** SUPPLIED DATA follows **
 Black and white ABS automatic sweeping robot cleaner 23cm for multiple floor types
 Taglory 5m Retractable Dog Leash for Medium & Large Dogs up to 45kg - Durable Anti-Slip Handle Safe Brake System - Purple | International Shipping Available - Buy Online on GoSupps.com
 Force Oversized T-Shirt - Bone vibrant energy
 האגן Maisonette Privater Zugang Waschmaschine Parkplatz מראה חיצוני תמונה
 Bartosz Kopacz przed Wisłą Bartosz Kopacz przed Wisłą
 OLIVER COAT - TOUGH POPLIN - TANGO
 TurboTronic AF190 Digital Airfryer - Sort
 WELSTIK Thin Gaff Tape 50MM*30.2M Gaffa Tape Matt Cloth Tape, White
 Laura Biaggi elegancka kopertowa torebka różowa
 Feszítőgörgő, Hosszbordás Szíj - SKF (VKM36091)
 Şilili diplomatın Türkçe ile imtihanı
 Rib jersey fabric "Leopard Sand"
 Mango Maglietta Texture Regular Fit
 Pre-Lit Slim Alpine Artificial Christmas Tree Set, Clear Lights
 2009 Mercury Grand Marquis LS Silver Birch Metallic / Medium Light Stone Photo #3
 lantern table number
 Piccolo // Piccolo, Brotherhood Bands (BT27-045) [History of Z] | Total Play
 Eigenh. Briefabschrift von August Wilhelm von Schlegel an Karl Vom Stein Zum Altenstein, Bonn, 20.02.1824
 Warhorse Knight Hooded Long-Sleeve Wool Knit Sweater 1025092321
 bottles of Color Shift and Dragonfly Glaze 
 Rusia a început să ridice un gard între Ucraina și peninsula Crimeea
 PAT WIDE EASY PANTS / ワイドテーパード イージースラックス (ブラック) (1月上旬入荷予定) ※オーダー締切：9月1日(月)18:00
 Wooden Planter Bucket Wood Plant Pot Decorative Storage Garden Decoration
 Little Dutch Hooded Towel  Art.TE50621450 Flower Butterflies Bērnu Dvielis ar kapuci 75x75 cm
** End of SUPPLIED DATA **
→ **ASSIGNED TASK**: All lines above from the one holding "WELSTIK Thin Gaff" to the one holding "bottles of Color Shift and Dragonfly Glaze", inclusive, are to be copied exactly; no other line is wanted.

→ **EXERCISE RESULT**:
 WELSTIK Thin Gaff Tape 50MM*30.2M Gaffa Tape Matt Cloth Tape, White
 Laura Biaggi elegancka kopertowa torebka różowa
 Feszítőgörgő, Hosszbordás Szíj - SKF (VKM36091)
 Şilili diplomatın Türkçe ile imtihanı
 Rib jersey fabric "Leopard Sand"
 Mango Maglietta Texture Regular Fit
 Pre-Lit Slim Alpine Artificial Christmas Tree Set, Clear Lights
 2009 Mercury Grand Marquis LS Silver Birch Metallic / Medium Light Stone Photo #3
 lantern table number
 Piccolo // Piccolo, Brotherhood Bands (BT27-045) [History of Z] | Total Play
 Eigenh. Briefabschrift von August Wilhelm von Schlegel an Karl Vom Stein Zum Altenstein, Bonn, 20.02.1824
 Warhorse Knight Hooded Long-Sleeve Wool Knit Sweater 1025092321
 bottles of Color Shift and Dragonfly Glaze 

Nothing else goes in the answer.